At the atomic level, the smallest level, things don’t exist in the way you and I are familiar with. Atoms made their constituents: electrons, protons, neutrons – don’t exist as distinct points. Rather they exist as a probability wave. Seriously. The atomic constituents only convert to a point in space when you interact or observe them. That means that an atomic constituent **exists everywhere** in its wave **at the same time**. Fundamentally a probability (distribution) curve defines where a wave will collapse into a point when it is interacted with.

Thinking Exponentially, why does this even matter? Imagine you have a safe with the dial between 1-100 and the combination is 3 numbers. You need to try up to 100*100*100 (1 million) combinations to open it. With a quantum computer, because things exist in different states the same time, you would **try all combinations at once**. You don’t need to go through each one at a time. I know it sounds unbelievable, but its the way it works.

By Thinking Exponentially once step further, a quantum computer consists of qubits. Which is just a fancy term for probability wave that is both 0 and 1 simultaneously. Qubits are strung together through a quantum process called entanglement. The more qubits you have, the more powerful your quantum computer. Today quantum computers are only a few qubits in length but are doubling every year or two. A **general purpose quantum computer**, with enough qubits, could easily crack almost every security and encryption system in the world. How many? 256 general purpose qubits would likely decode military grade, as little as 40 would crush most consumer encryption. Even 20 qubits would greatly simplify decoding most encryptions today.

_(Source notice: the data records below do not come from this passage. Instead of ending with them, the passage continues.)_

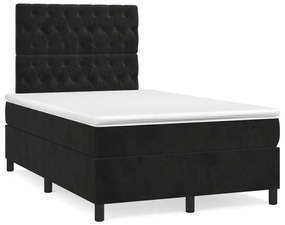 Κρεβάτι Boxspring με Στρώμα Μαύρο 120x190 εκ. Βελούδινο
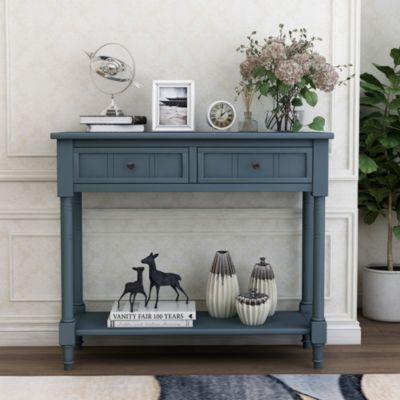 Daisy Series Console Table Traditional Design With Two Drawers And Bottom Shelf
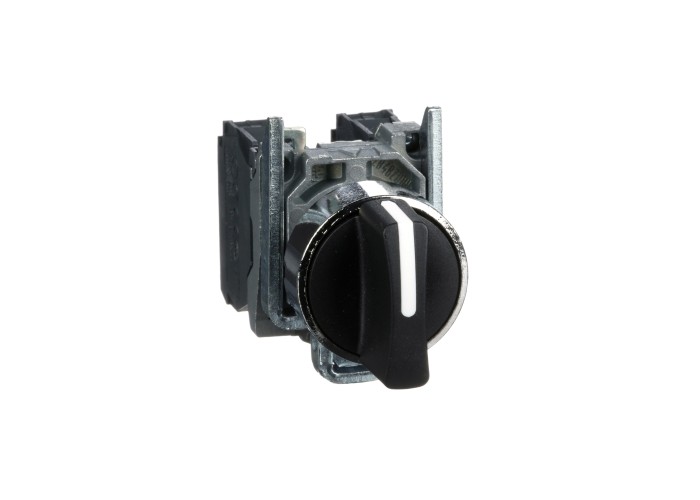 Schneider Electric XB4BD53 - Harmony XB4 - Селекторен превключвател с къса черна ръкохватка, метален, черен, 22мм, 3 позиции, пружинно връщане, 2NO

The applications of quantum computing are pretty niche. Accessing secure communications is the big one. It can also be applied to solving problems that have large search spaces. By large I mean there are not enough computers on the planet to try all the combinations. For example, when a protein folds in a cell, figuring out what it turns into could be solved with a quantum computer.

In Vancouver there is an interesting company called D-Wave that has serious financing to create a **special purpose quantum computer**.

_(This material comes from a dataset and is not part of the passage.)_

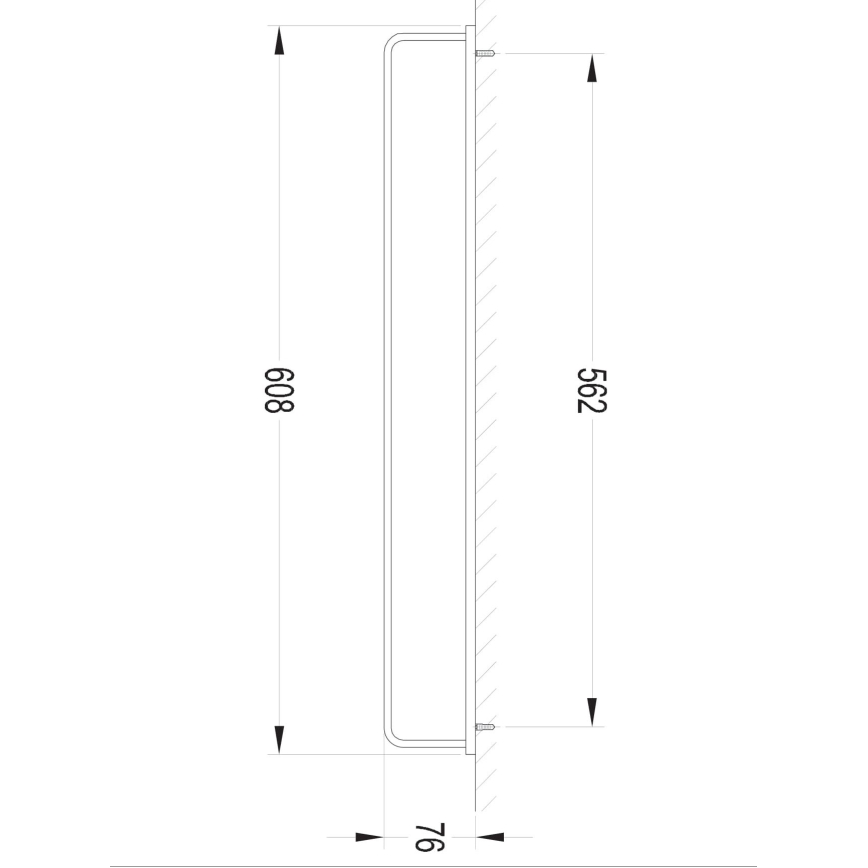 OMNIRES DA70216BL - Toallero de pared DARLING 61 cm negro semimate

Programming a quantum computer is a non trivial task. It is not programmed like a traditional computer. There are no sequence of commands – a quantum computer is not a Turing Machine. You have to define your question and answer in a way that is expressed through a relationship of qubits. Then you cause the wave function to collapse in just the right way and possibly read the results in a MRI machine.

Quipper is a one of the world’s first attempts to create a quantum computer programming language.

Keep in mind that **special purpose **quantum computing is relatively easier than **general purpose** quantum computing. Similar to how a PC graphics card is different than a general CPU processor. General purpose quantum computing has greater potential but special purpose quantum computing will scale initially much more quickly.

Google and Nasa recently announced a project to work together with D-Wave quantum computer.

In Waterloo Canada, Mike Lazaridis of Blackberry materially helped create the Institute for Quantum Computing. The field is advancing quickly and may one day parallel computing.